Yellen masih berteka-teki, rupiah belum aman



JAKARTA. Nilai tukar rupiah seperti mendapat darah segar dari pernyataan Janet Louise Yellen, Gubernur Bank Sentral Amerika Serikat (AS) alias Federal Reserve (The Fed). Dalam pernyataan terbarunya Kamis (19/3), Yellen menyatakan Federal Open Market Committee (FOMC) atau rapat dewan gubernur The Fed belum memutuskan menaikkan suku bunga (Fed Rate) dalam waktu dekat.

Yellen menegaskan, sebelum memutuskan kenaikan bunga akan menilai data-data ekonomi AS terbaru terlebih dulu. “Hilangnya kata sabar bukan berarti kami menjadi tak sabar,” tegas Yellen. Sontak, pasar keuangan dunia terhenyak.

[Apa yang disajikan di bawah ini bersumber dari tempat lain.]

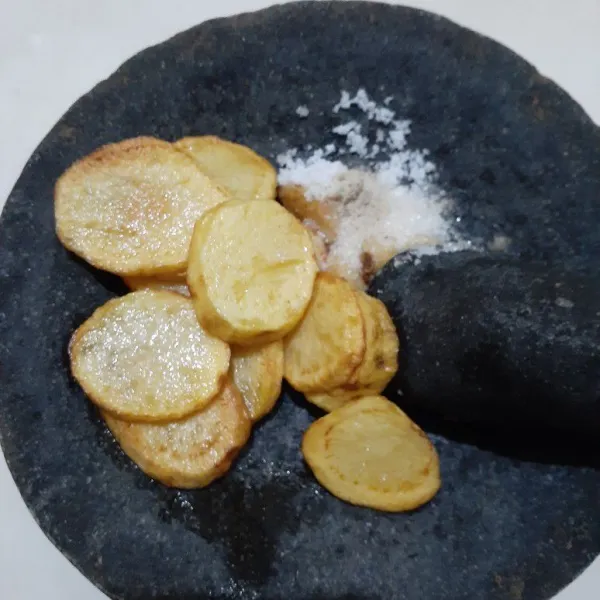Selagi masih panas, haluskan kentang beserta garam, gula dan lada bubuk secukupnya.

Di Indonesia, nilai tukar rupiah kembali menguat. Berdasarkan data Jakarta Interbank Spot Dollar Rate (JISDOR), Kamis (19/3), mata uang garuda menguat ke level Rp 13.008 per dollar AS. Posisi ini melesat 155 poin dibandingkan posisi pada hari sebelumnya di level Rp 13.164 per dollar AS.


Menteri Keuangan Bambang Brodjonegoro menyambut baik kebijakan The Fed. Bukan hanya masalah waktunya, kata Bambang, Yellen juga mengisyaratkan kenaikan Fed rate tidak akan sebesar 1.000 basis points (bps). "Perkiraannya mungkin hanya 600-650 bps," ujar Bambang, kemarin.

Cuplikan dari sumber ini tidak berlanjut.